- Born: 1892
- Died: 1950 (aged 57–58)
- Occupation: Architect
- Father: Charles Dalmas

= Marcel Dalmas =

French architect

Marcel Dalmas (1892–1950) was a French architect who mainly worked in Nice, in the south of France. His Art Deco buildings were usually richly ornamented. He also taught architecture, was town planner for Nice and became a municipal councillor for Nice.

==Life==

Marcel Dalmas was born in 1892, the son of the architect Charles Dalmas.
He qualified as an Architecte diplômé par le gouvernement.
He collaborated with his father in the 1920s and 1930s until his father died in 1938.
His buildings were neoclassical or Art Deco in style.
Charles and Marcel Dalmas received a Grand Prix at the Paris International Decorative and Industrial Arts Exhibition in 1925 for the Alpes Maritimes pavilion.
Their design was a "modest dwelling of an Art Lover in the Alpes-Maritimes".
Charles and Marcel Dalmas were both lovers of tennis.
They built a new facility for the Lawn-Tennis Club de Nice in the 1920s, choosing a regional style and materials.

Marcel Dalmas and his father collaborated with the architect and engineer François Alexandre Arluc in construction of the Miramar Hotel in Cannes in 1928.
That year Charles and Marcel Dalmas built the Art Deco Palais de la Méditerranée casino on the Promenade des Anglais, Nice.
Most of the casino was demolished in May 1990 apart from two of the facades, replaced by a resort with conference facilities, recreation areas, residences and offices.
Marcel-Victor Guilgot was associated with Charles and Marcel Dalmas from 1931 to 1937.
Guilgot had a classical training and had learned from the immensely cultured Charles Dalmas.
He worked with Marcel Dalmas but preferred a simpler, less decorative style.
After World War II (1939–45) Guilgot and Marcel Dalmas had parallel careers, both building luxury shops and houses.

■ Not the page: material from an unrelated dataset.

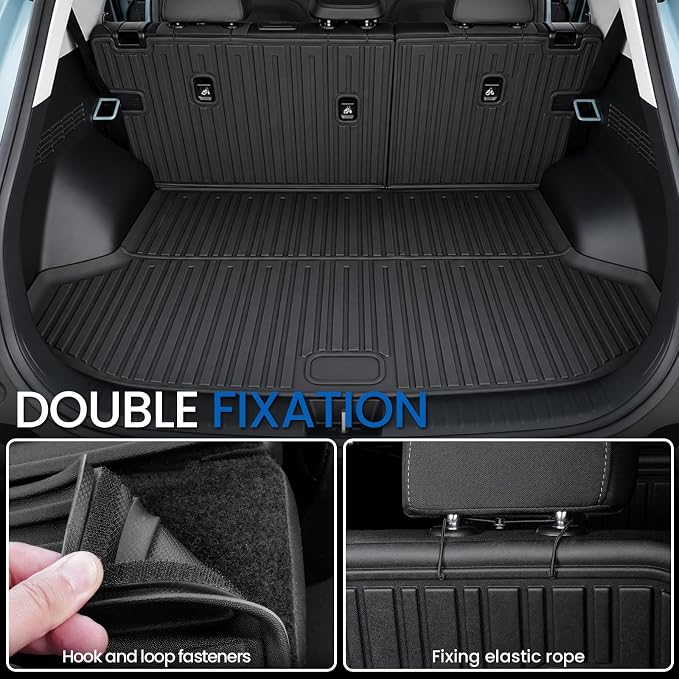 Floor Mats Set for 2024-2026 Kia Seltos Without Subwoofer, All Weather TPE Floor Liners Trunk Mat Cargo Liner with Backrest Mat Accessories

Marcel Dalmas became official architect of the Alpes-Maritimes department, and in this role prepared the urban plans of the city of Nice.
Like his father, he taught at the School of Decorative Arts in Nice and became a municipal councillor of the city of Nice.
Marcel Dalmas died in 1950.
His son, Georges Dalmas, was also an architect and created several high quality buildings in the 1950s with a sober and solid style, with bare forms and pure lines that contrasted with the more decorative work of his father.

==Noted works==

Buildings by Marcel Dalmas included:

| Year | Name | Location | Function | Height (m) |
|---|---|---|---|---|
| 1921 | Immeuble de la BNP | Nice | Offices, Commercial | 25 |
| 1925 | Palais Bel Mare | Nice | Residential | 21 |
| 1928 | Palais de la Méditerranée | Nice | Hotel | 32 |
| 1928 | 16, boulevard Gambetta | Nice | Hotel, Residential | 26 |
| 1929 | Villa Laure | Nice | Residential | 9 |
| 1930 | Hôtel Albert 1er | Nice | Hotel, Commercial | 22 |
| 1930 | 19, rue Saint-François de Paule | Nice | Residential, Commercial | 22 |
| 1932 | Restaurant Aphrodite | Nice | Commercial | 6 |
| 1935 | Hôtel Le Collet d'Auron | Saint-Étienne-de-Tinée | Hotel | 15 |
| 1935 | Villa Santa Lucia | Antibes | Residential | 6 |
|  | Villa Les Beaux Jours | Antibes | Residential |  |

After the war Marcel Dalmas adapted the Aston and Langham hotels in Nice. The Langham was built by his father.
He collaborated with Milon de Peillon in adapting the Majestic.